We want to find the runqueue with the least average load,
and to do that, we scan through all the runqueues.

It is, therefore, enough that, during such scan:
- we identify the runqueue with the least load, among
  the ones that have pcpus that are part of the soft
  affinity of the vcpu we're calling pick on;
- we identify the same, but for hard affinity.

At this point, we can decide whether to go for the
runqueue with the least load among the ones with some
soft-affinity, or overall.

Therefore, at the price of some code reshuffling, we
can avoid the loop.

(Also, kill a spurious ';' in the definition of MAX_LOAD.)

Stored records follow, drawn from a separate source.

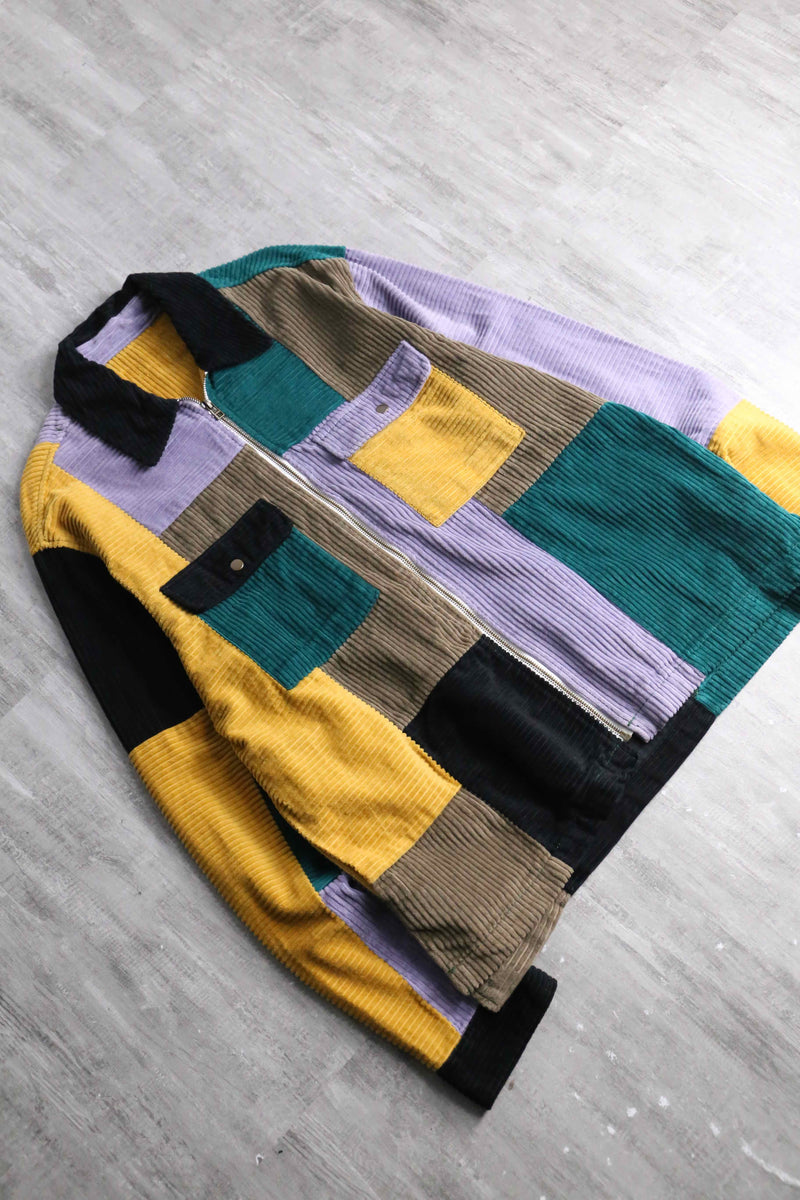 mulch pattern corduroy zip jacket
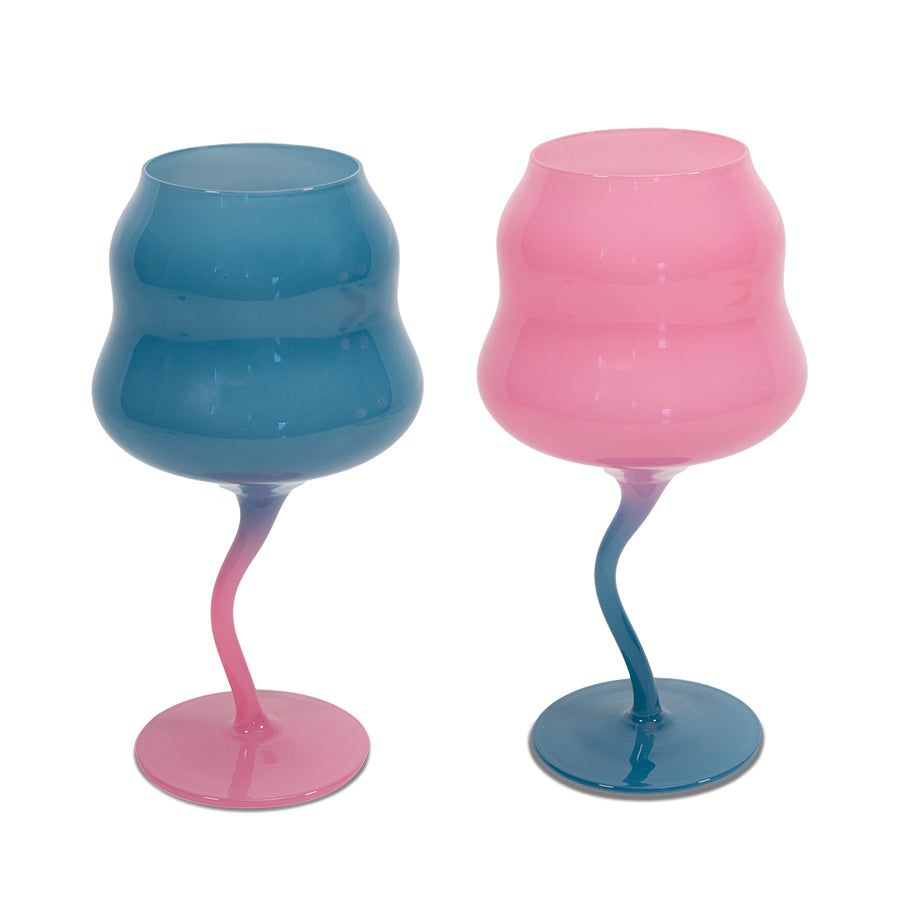 Set 2 Calici da Cocktail in Vetro 450 ml Azzurro e Rosa WD LifeStyle
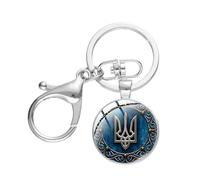 ZEIA3 Vintage Tryzub Ukraine Keychain Ukrainian Symbol Rune Flag Trident Pattern Glass Cabochon Men Women Lobster Buckle Keyring Gift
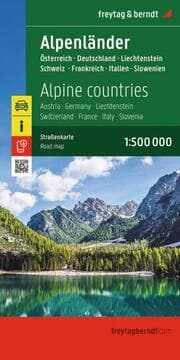 Cover von freytag & berndt Straßenkarte Alpenländer, Österreich - Deutschland - Schweiz - Frankreich - Italien - Slowenien 1:500.000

Signed-off-by: Dario Faggioli <dario.faggioli@citrix.com>
Signed-off-by: Justin T. Weaver <jtweaver@hawaii.edu>
Reviewed-by: George Dunlap <george.dunlap@citrix.com>
---
Cc: Anshul Makkar <anshulmakkar@gmail.com>
---
 xen/common/sched_credit2.c |  117 ++++++++++++++++++++++++++++++++++++--------
 1 file changed, 97 insertions(+), 20 deletions(-)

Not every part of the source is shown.